Similar content being viewed by others
Avoid common mistakes on your manuscript.
Introduction
Volatiles from a flower attract pollinators such as birds and insects to visit flowering plants and help in pollination (Knudsen et al. 1993; Schiestl et al. 1997; Miyake et al. 1998; Odell et al. 1999; Jurgens et al. 2000). More than 1,700 floral scent compounds covering 990 taxa have been identified using the floral headspace method (Knudsen and Gershenzon 2006). The scent of flowers varies between species due to the combination of different compositions and levels of each molecule of low molecular mass such as monoterpenes, seisquiterpenes, benzenoids, phenylpropanoids, and fatty acid derivatives (Knudsen et al. 1993; Dudareva and Pichersky 2000). The entire floral organs are involved in scent emission but the petal is the main source of floral scent in most flowers (Pichersky et al. 1994). Some floral scent compounds are stored in special oil glands such as trichome prior to release into the air as volatiles (Effmert et al. 2006).
In floral scent studies, more than 500 terpenoid compounds have been identified including monoterpenes (C10), seisquiterpenes (C15), diterpenes (C20), and irregular terpenes (Knudsen and Gershenzon 2006). Monoterpenoid compounds such as linalool, ocimene, mycrene, nerol, and geraniol have been identified in Antirrhinum majus (Dudareva et al. 2003; Nagegowda et al. 2008), Clarkia breweri (Raguso and Pichersky 1995), and Arabidopsis thaliana (Chen et al. 2003). While sesquiterpenes such as germacrene D, caryophyllene, and nerolidol were detected in Rosa hybrida (Hendel-Rahmanim et al. 2007), Petunia hybrida (Verdonk et al. 2003), A. thaliana (Chen et al. 2003), carnation (Dianthus caryophyllus) (Schade et al. 2001), and A. majus (Nagegowda et al. 2008). Another class that is highly distributed among scented flowers is benzenoid/phenylpropanoid compounds. More than 300 compounds of this class have been identified which includes methylbenzoate, methylsalicylate, phenylacetaldehyde, phenylethyl acetate, benzyl acetate, phenylethanol, eugenol, and isoeugenol (Knudsen and Gershenzon 2006).

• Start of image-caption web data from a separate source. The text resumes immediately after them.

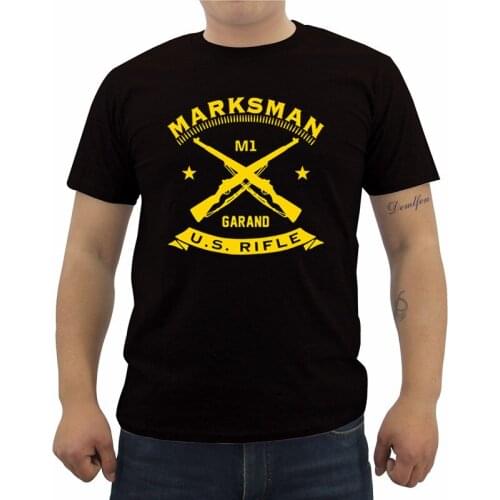 New Marksman T Shirt M1 Garand U S Rifle Print T Shirt Summer Mens Sniper T Shirt Infantry T Shirt Casual Cotton Tees Cool Tops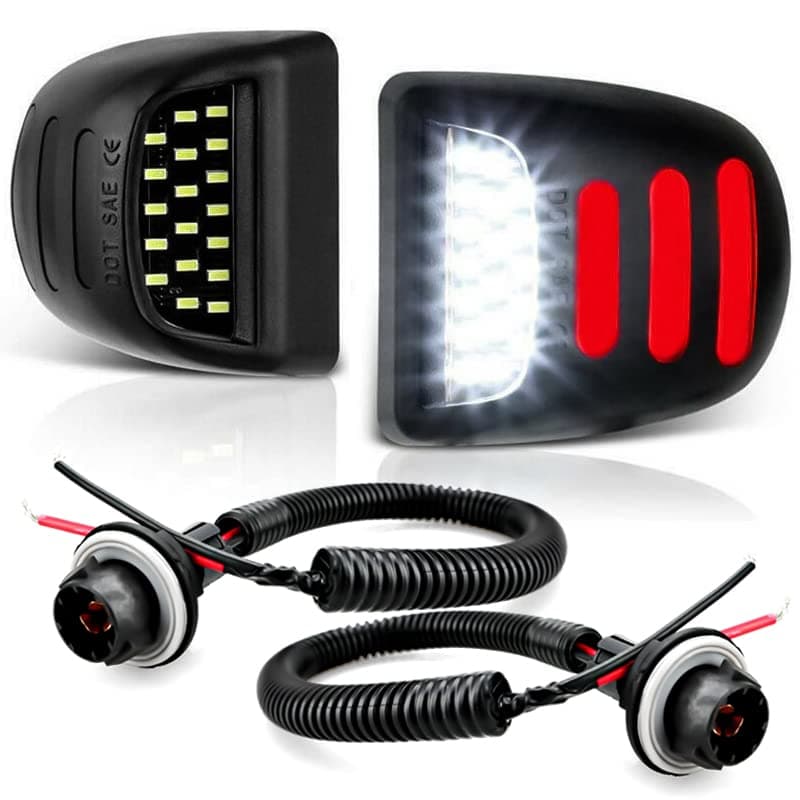 D-Lumina LED License Plate Lights Tag Lamp Red Neon Tube with Socket Wiring Harness for Chevy Silverado GMC Sierra 1500 2500 3500 Suburban Tahoe Cadillac Escalade EXT Yukon XL, 6000K White, Pack of 2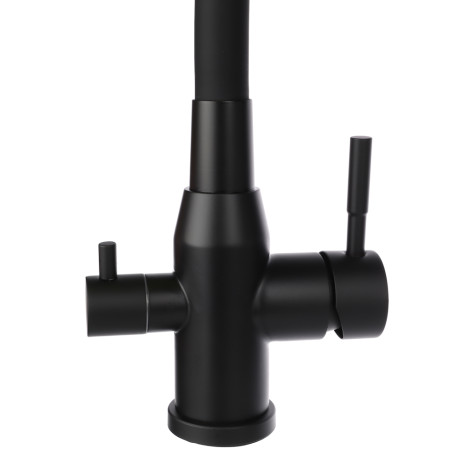 СоюзКран Смеситель для кухни с выводом пит. воды, силиконовый излив, черный, нерж.сталь, SS01-С132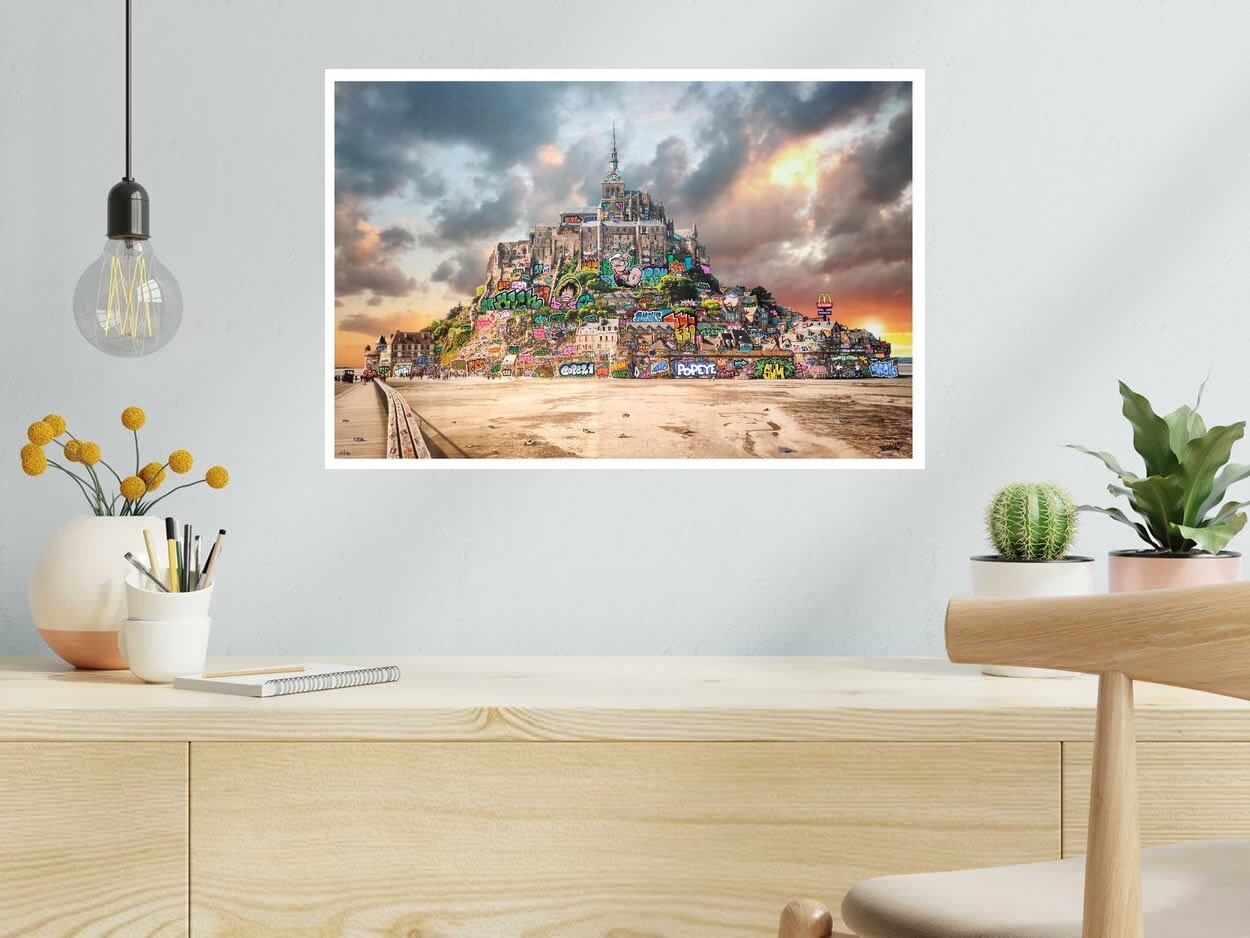 Editions d'art de BLACH a pour titre Les pirates du Mont St Michel style street art dim : BLACHprix:100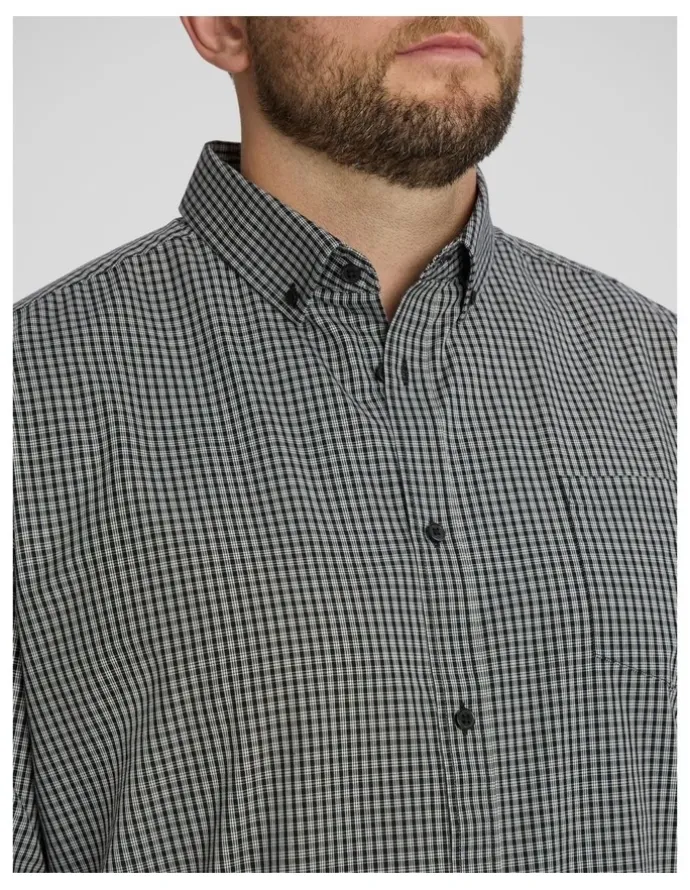 Johnny Bigg Grayson Easycare Check Shirt in Black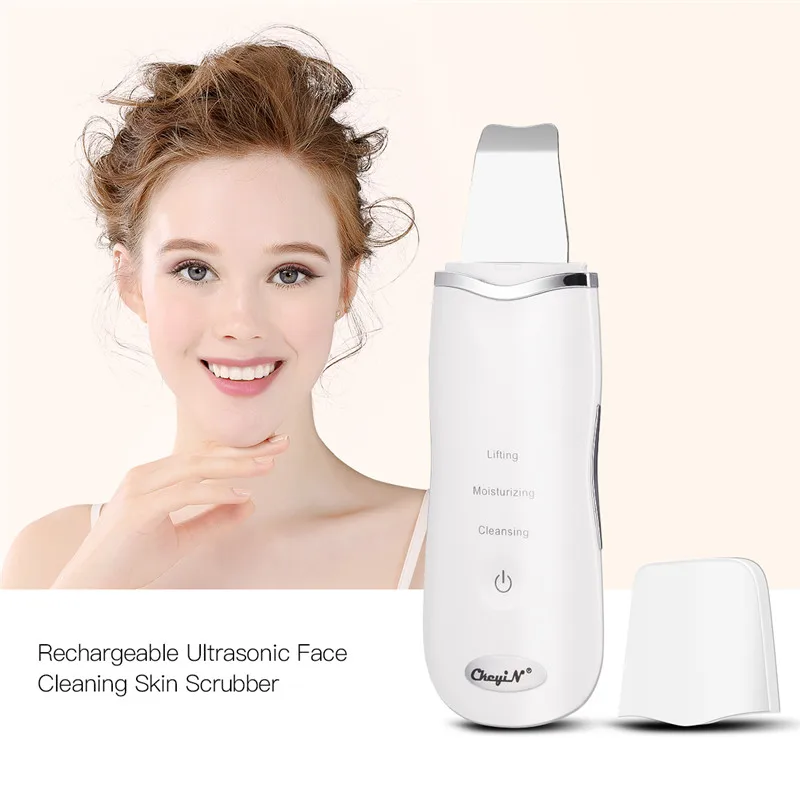 

Ultrasonic Facial Scrubber Deep Face Cleaning Skin Scrubber Pore Cleaner Vibration Exfoliating Peeling Tools USB Rechargeable 35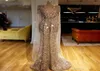 Gold Glitter Prom Kleider Arabische Dubai -Pailletten Perlen gegen Nacken Meerjungfrau Abendkleider Luxus Langarmes Festzugskleid Custom Made8270759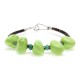 .925 Sterling Silver Certified Authentic Navajo Native American Natural Turquoise Gaspeite Link Bracelet 370991361925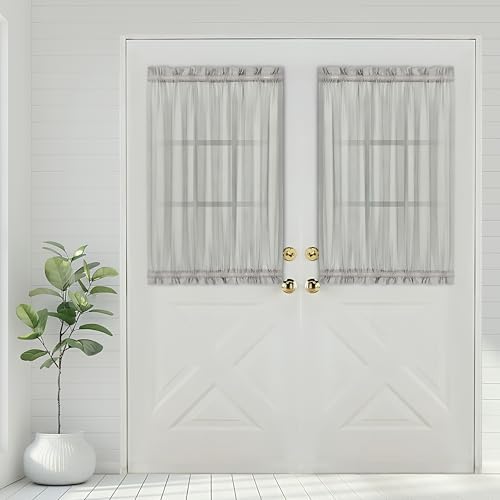 Aquazolax Kitchen Door Curtains Set of 2 Grey 25x40 Inches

In orchids, volatile compounds encompassing terpenoids, benzenoid/phenylpropanoid compounds, and also fatty acid derivatives have been reported from Aerangis confusa, Cattleya lawrenceana, Dendrobium trigonopus, Dendrochilum cobbianum, Platanthera chlorantha, Polystachya cultriformis, and Zygopetalum crinitum (Kaiser 1993). More recently, linalool, mycrene, nerol and 2-hexanol were detected in Phalaenopsis bellina using gas chromatography mass-spectrometry (GC-MS; Hsiao et al. 2006).

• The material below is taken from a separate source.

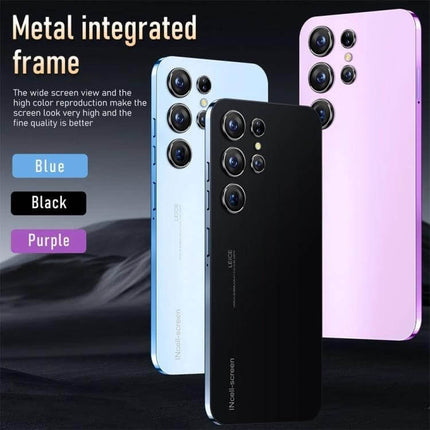Face Recognition Enabled Android Smartphone for Daily Use showing blue, black, and purple metal-frame phones with quad rear cameras and 6.5-inch notch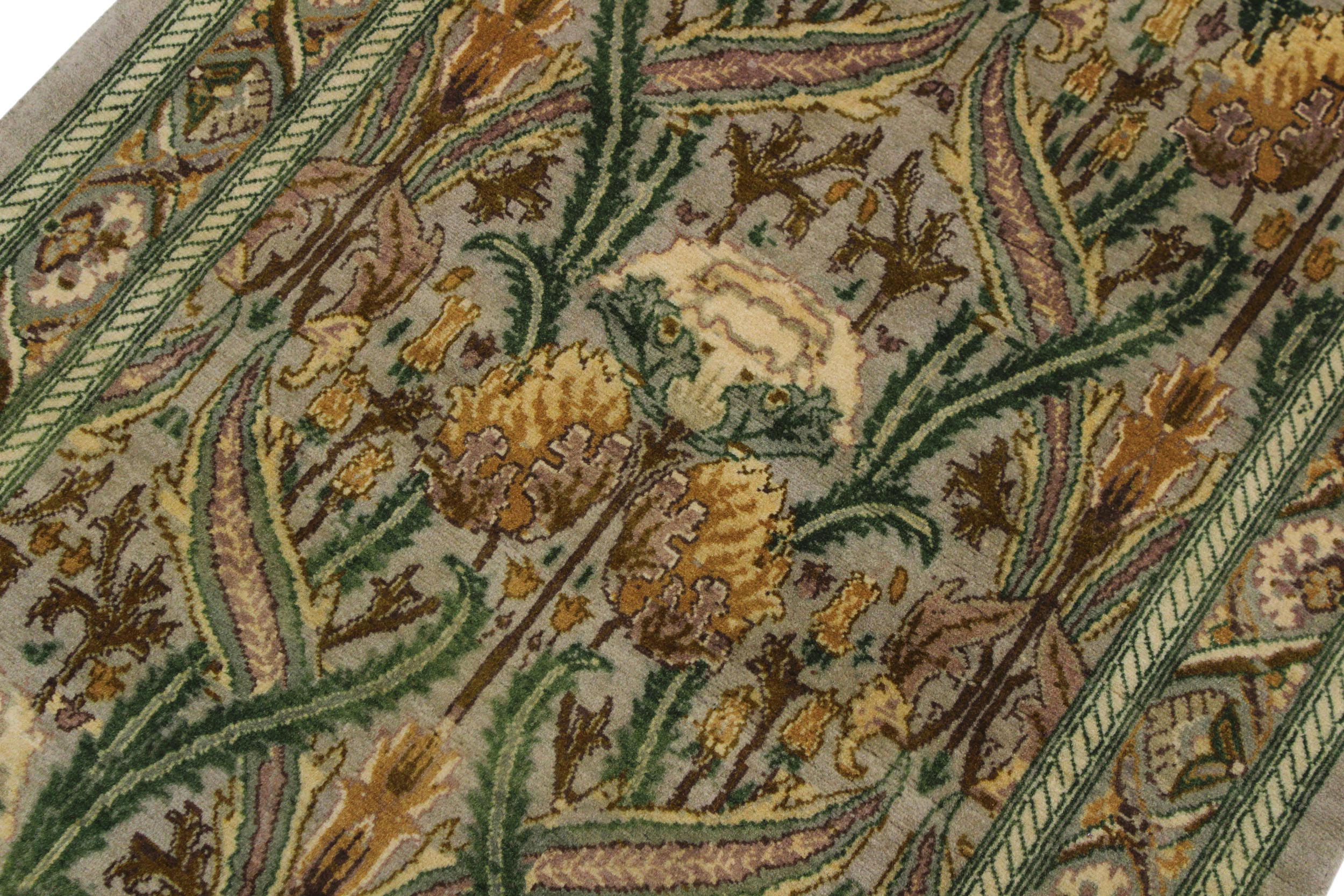 handmade Traditional Hamjolie Taupe Green Hand Knotted RUNNER 100% WOOL area rug 3' x 10'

In this study, we attempted to investigate the scent constituents of Vanda Mimi Palmer, an award winning hybrid of Vanda Tan Chay Yan and Vanda tessellata (Fig. 1). This orchid has a strong sweet-smelling fragrance during the day at the open flower stage (Janna et al. 2005) and has won the Champion Award for Fragrant Orchid organized by the Royal Horticultural Society of Thailand in 1993 and the Best Orchid Fragrance in the 17th World Orchid Conference in 2002 (Nair and Arditti 2002). In Malaysia, this orchid is one of the most famous hybrids sought after by local cosmetic and beauty industries due to its sweet fragrance. Despite its economic importance, no work on identification of the floral scent constituents from this hybrid has been reported so far. In this study, we analyzed the scent profiles at different floral developmental stages and at different time points in a 24-h cycle. In addition, we also compared the volatiles emitted with those from its parents.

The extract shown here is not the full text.